Problemfall "Dash-Cam"

Mit einer Bordkamera im Auto Personen aufzuzeichnen, verletzt deren Rechte

onlineurteile.de - So genannte "Dash-Cams" erfreuen sich zunehmender Beliebtheit: Kameras, die im Auto befestigt werden, um Aufnahmen von der Umgebung oder vom Verkehrsgeschehen zu machen. Das Landgericht Memmingen verbot den Gebrauch einer Dash-Cam, weil damit immer wieder eine bestimmte Hauseinfahrt aufgenommen wurde (22 O 1983/13).
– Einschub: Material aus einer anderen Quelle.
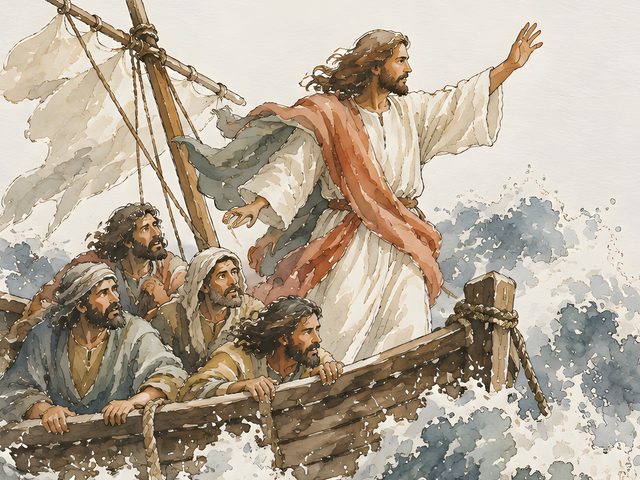 Jesus Calms the Storm, Mark 4:39 watercolor print, close-up of the watercolor painting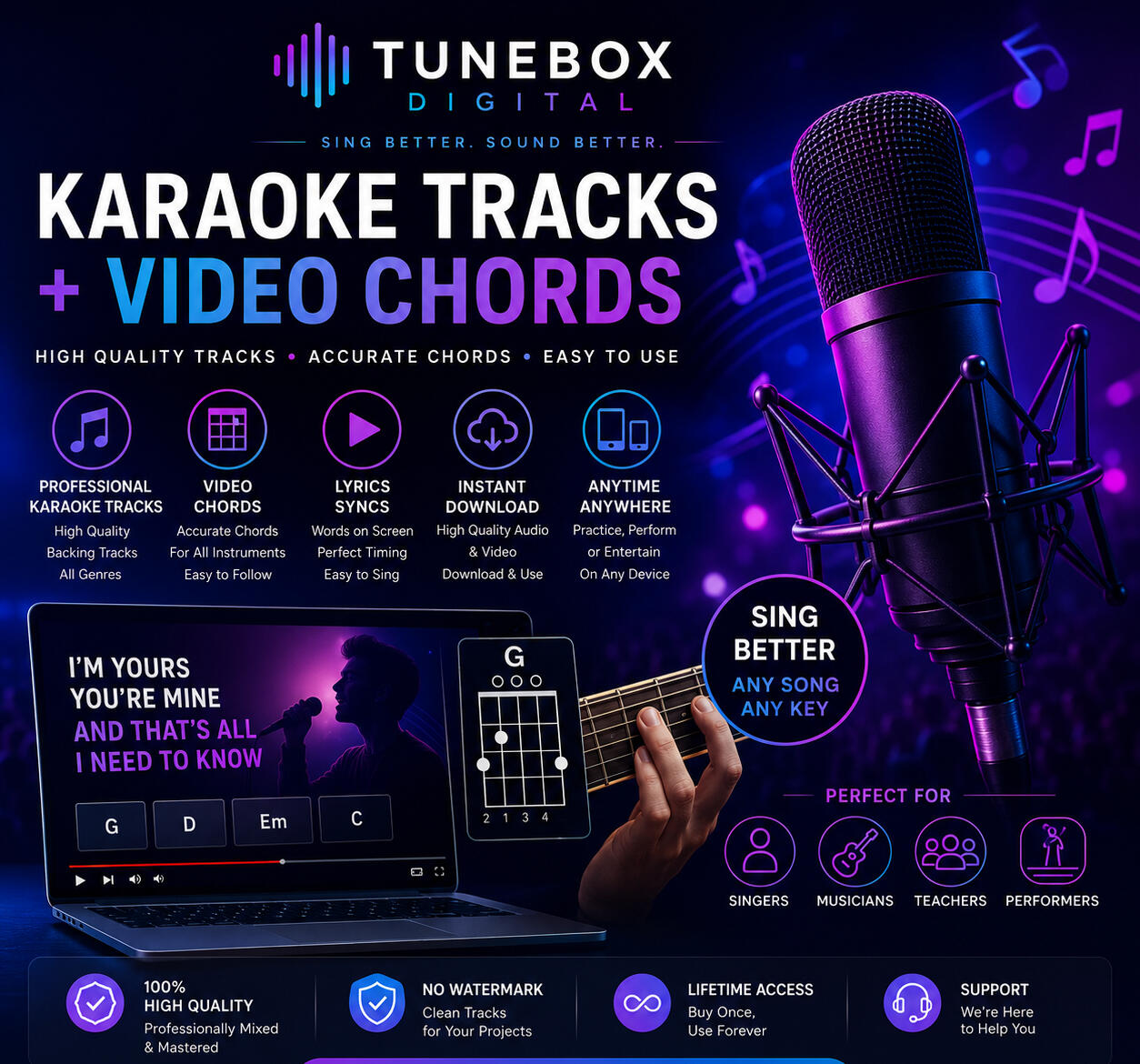 Karaoke + Video Chords + Vocal Exercise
Der konkrete Fall: Eine Erzieherin fuhr regelmäßig mit dem Auto ihres Mannes zur Arbeit und parkte vor dem Kindergarten, direkt gegenüber von einem Einfamilienhaus. An der Windschutzscheibe des Autos war eine Bordkamera befestigt, die sich automatisch per Bewegungsmelder einschaltete, sobald jemand vorbeiging. Die Bewohner des Einfamilienhauses fühlten sich gestört, weil die Kamera dauernd ihr Grundstück filmte. Haben sie sich dafür gerächt?

Jedenfalls erstattete der Autobesitzer wegen Lackkratzern am Auto Strafanzeige gegen die Hauseigentümerin: Eine Aufnahme der Bordkamera zeige, wie die Frau mit ihrem Wagen an seinem Auto vorbeigefahren sei und den Arm durch das offene Fenster strecke. Die verdächtigte Nachbarin wies den Vorwurf weit von sich — ganz genau war sie auf der Videoaufzeichnung auch nicht zu erkennen — und konterte mit einer Gegenklage.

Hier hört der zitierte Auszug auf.